• **Try it**: Retype the line in which "CR V Stahlmarkenform" appears, then every line after it until the records end. Leave out the pictures.

• **Captioned web image data**:
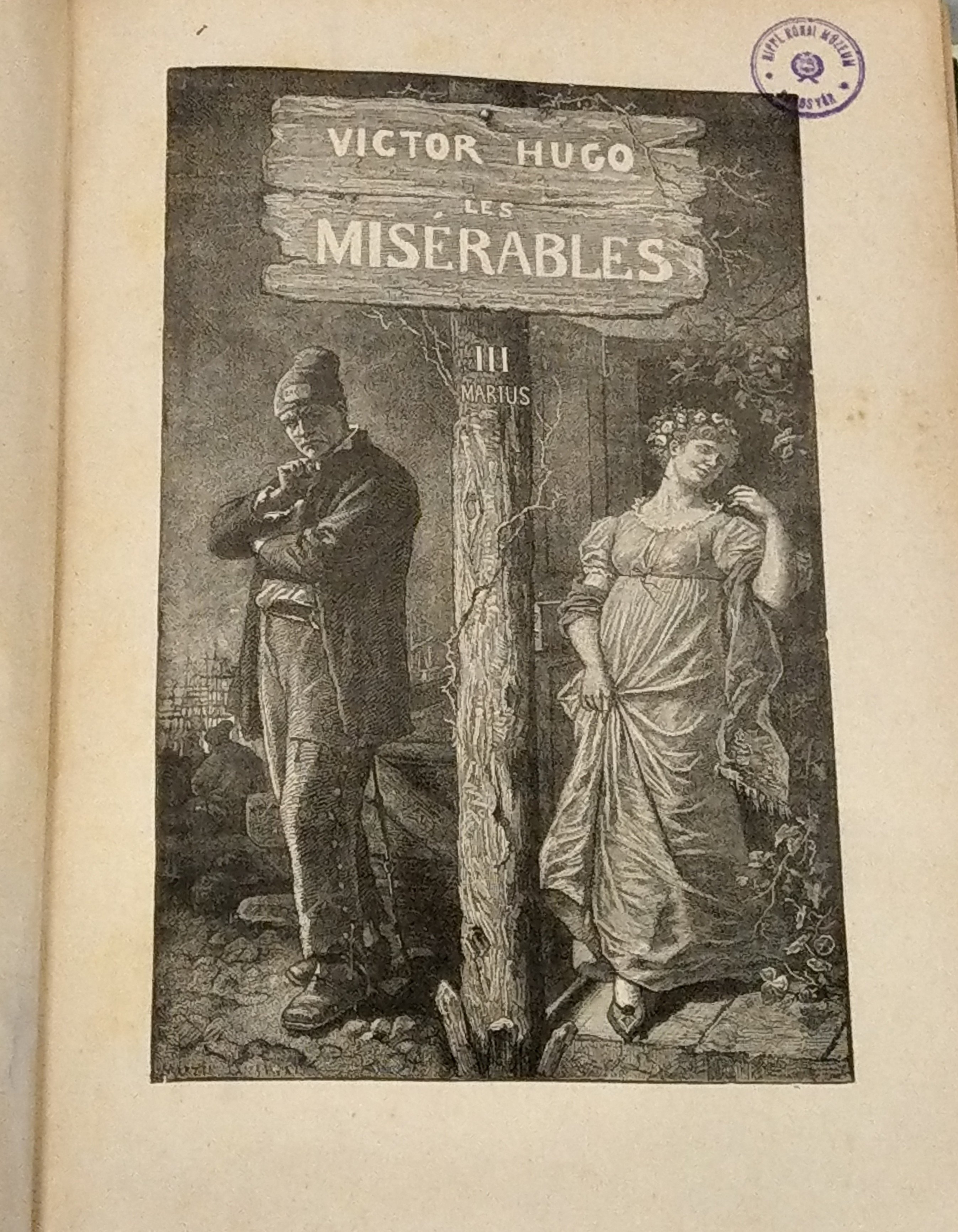 Victor Hugo: Ouvres complètes 9. Les Miserables. Marius - L'idylle rue Plumet. (Rippl-Rónai Múzeum CC BY-NC-ND)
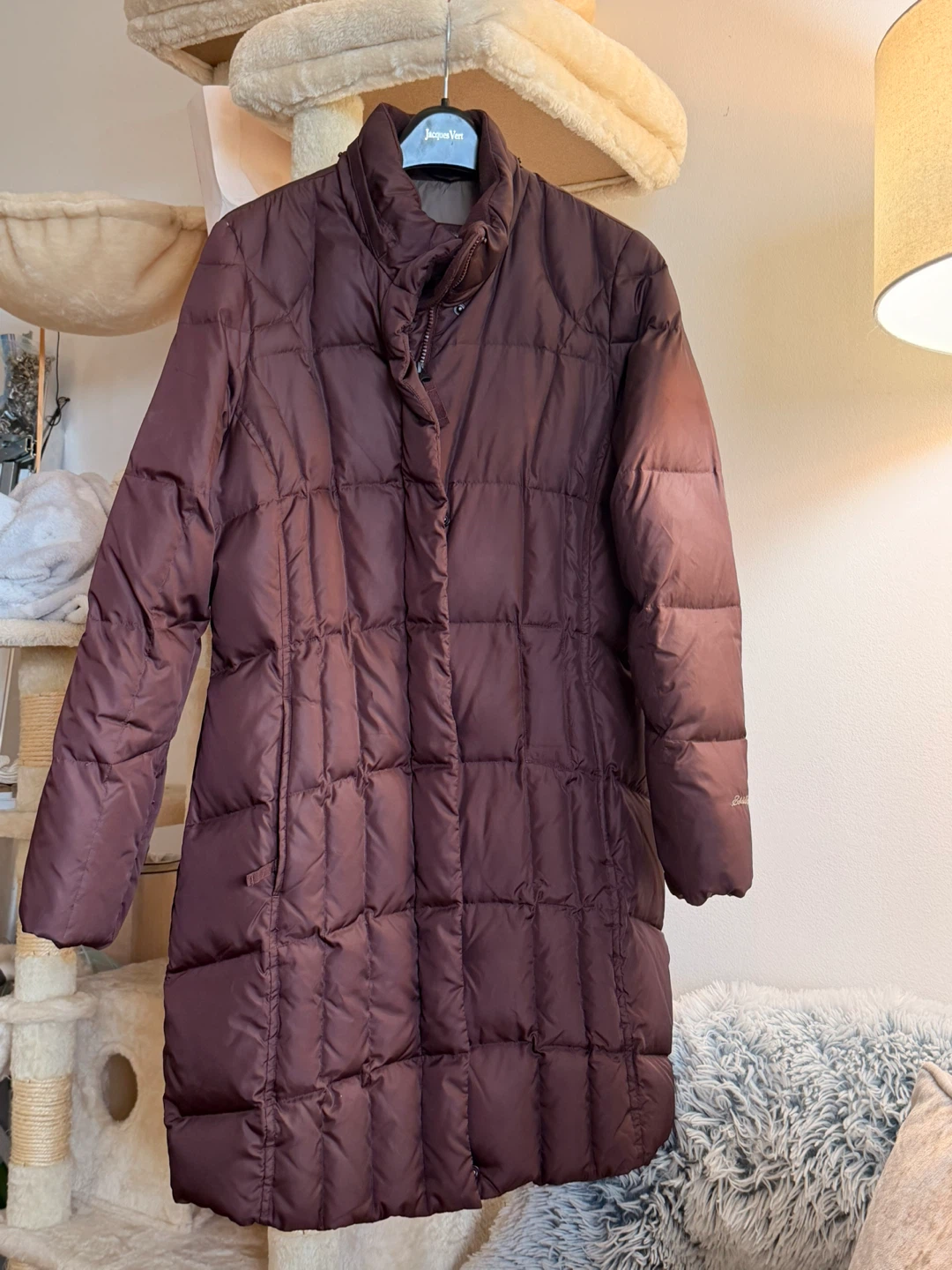 TanJay Women's Puffer Coat with Faux Fur Hood - photo 2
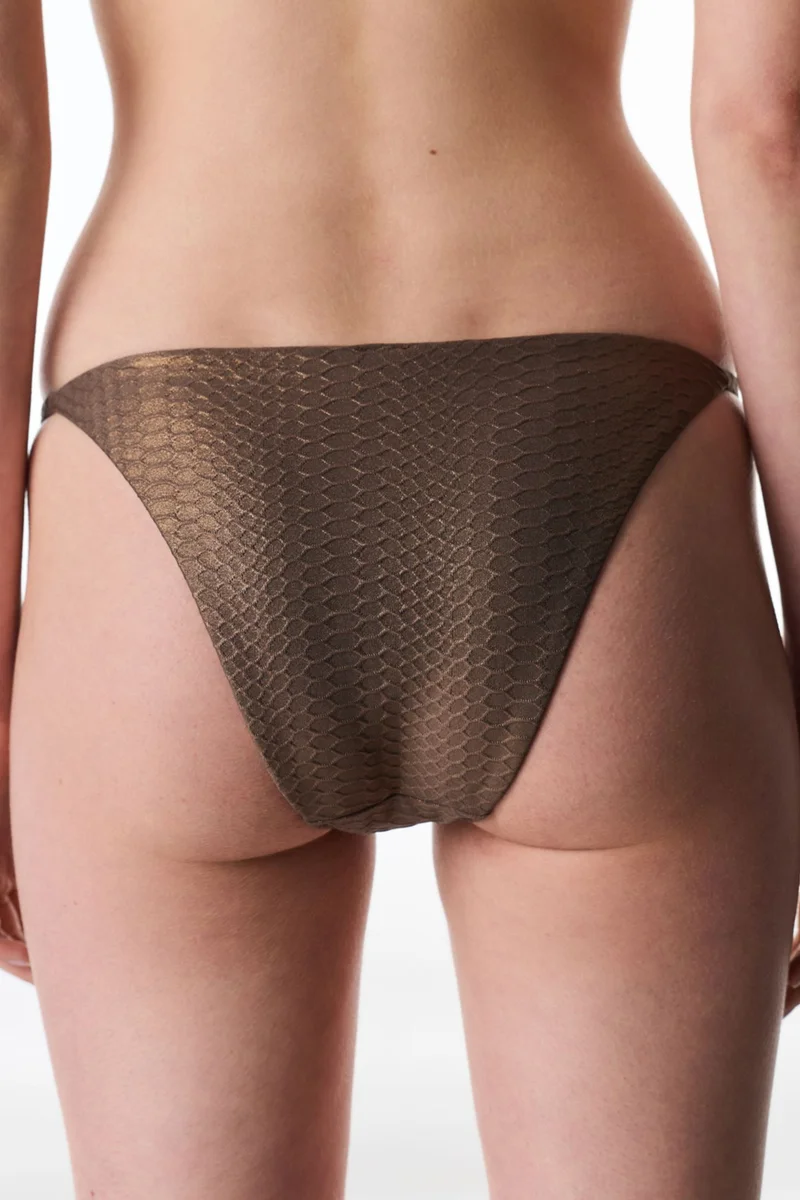 بنتي PENTI Side Shimmer Mid-Waist Bikini Bottom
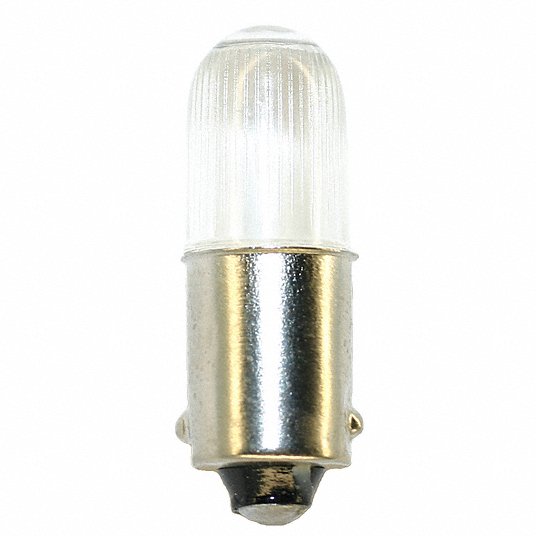 T3 1/4 LED Light Bulb Miniature Automotive Bayonet Base Hi-Efficiency Green 28V 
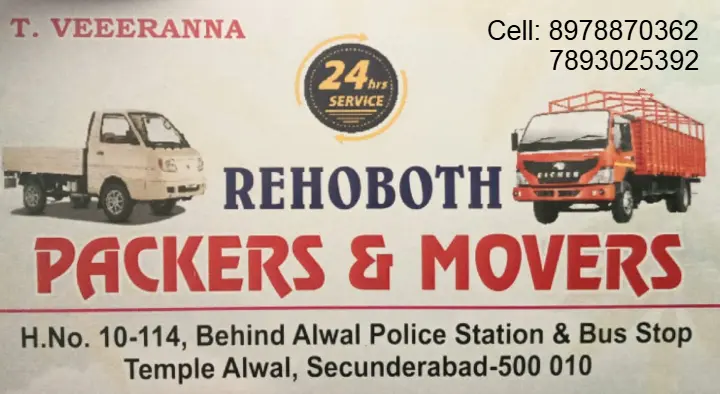 Rehoboth Packers and Movers in Secunderabad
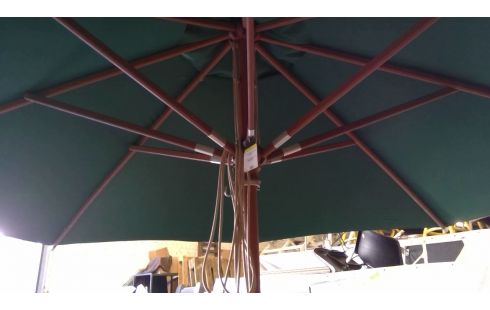 PARASOL VERT GM + PIED AMOVIBLE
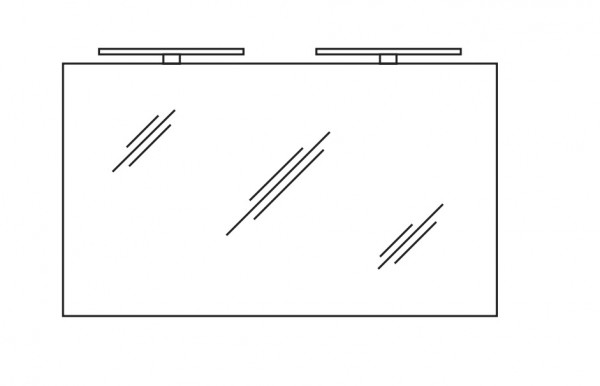 Pelipal Serie 20 Pelipal Funktionsspiegel S20-FSP21, B:1200, H:700, T:32mm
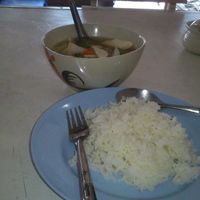 Soup with rice at Tai Food in Chiang Rai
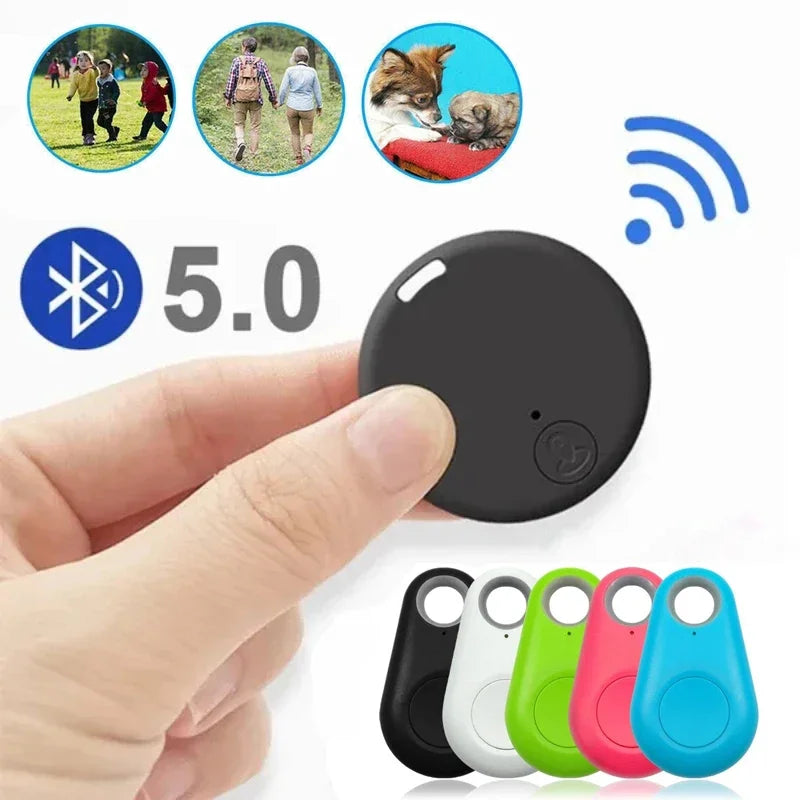 Mini rastreador inteligente Bluetooth para llaves, mascotas y carteras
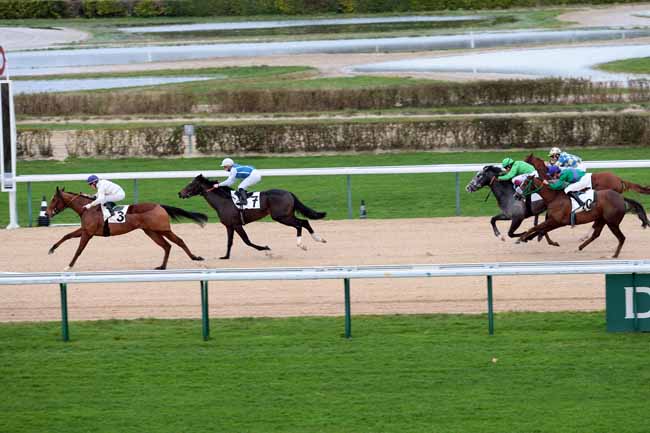 Arrivée quinté pmu PRIX DE LA PLAGE à DEAUVILLE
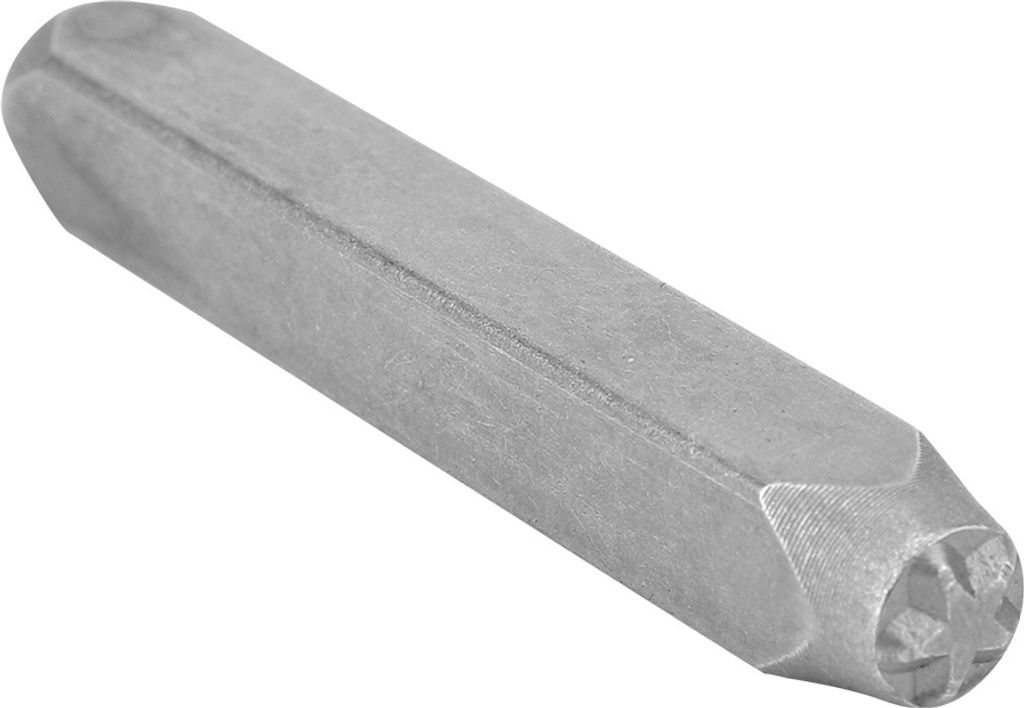 CR V Stahlmarkenform -Metallpunsch zum Anpassung von Leder (Stern)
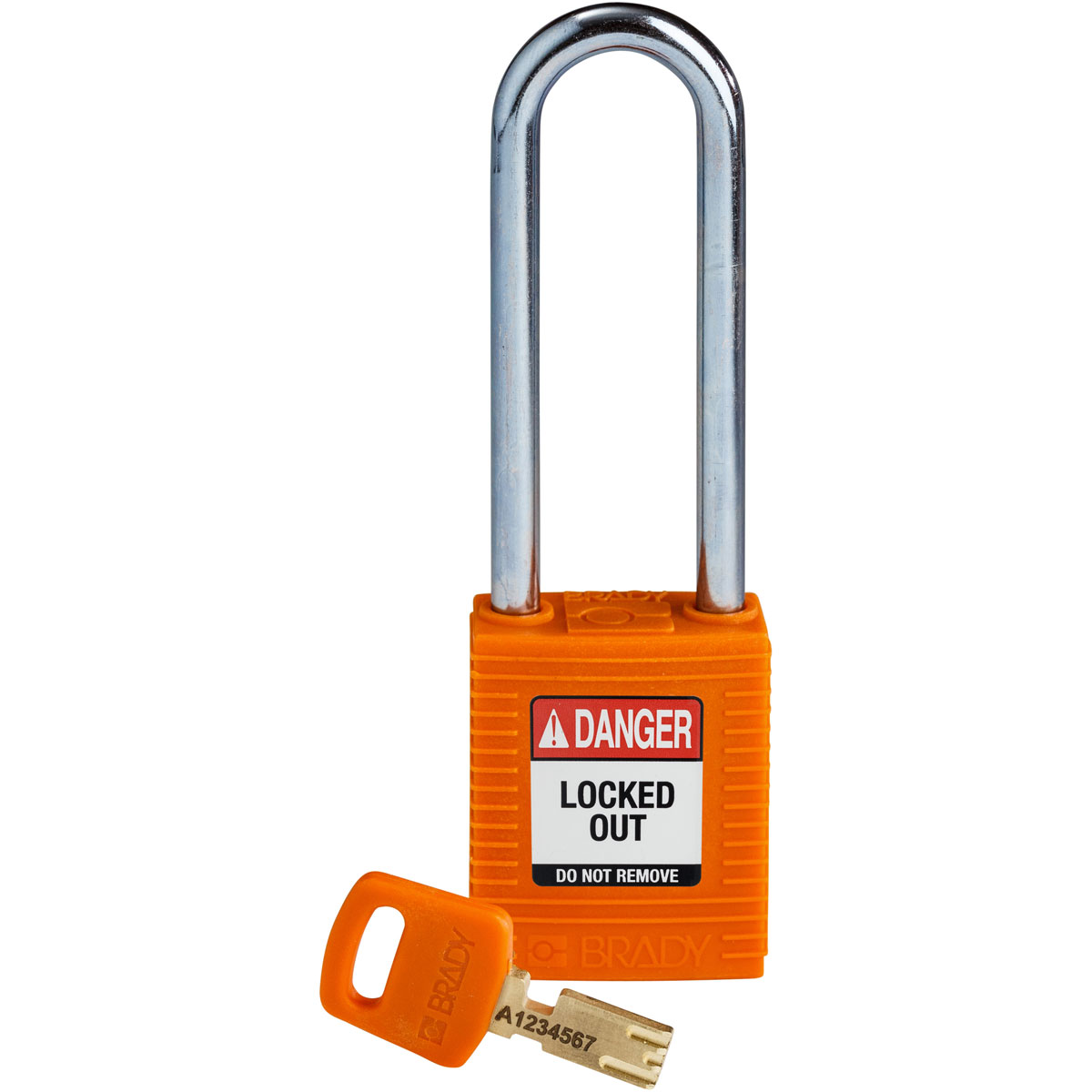 Brady LOTO-101 Key Weatherproof Nylon, Steel Padlock, 6.35mm Shackle, 38.00mm Body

• **Solution to this problem**:
 CR V Stahlmarkenform -Metallpunsch zum Anpassung von Leder (Stern)
 Brady LOTO-101 Key Weatherproof Nylon, Steel Padlock, 6.35mm Shackle, 38.00mm Body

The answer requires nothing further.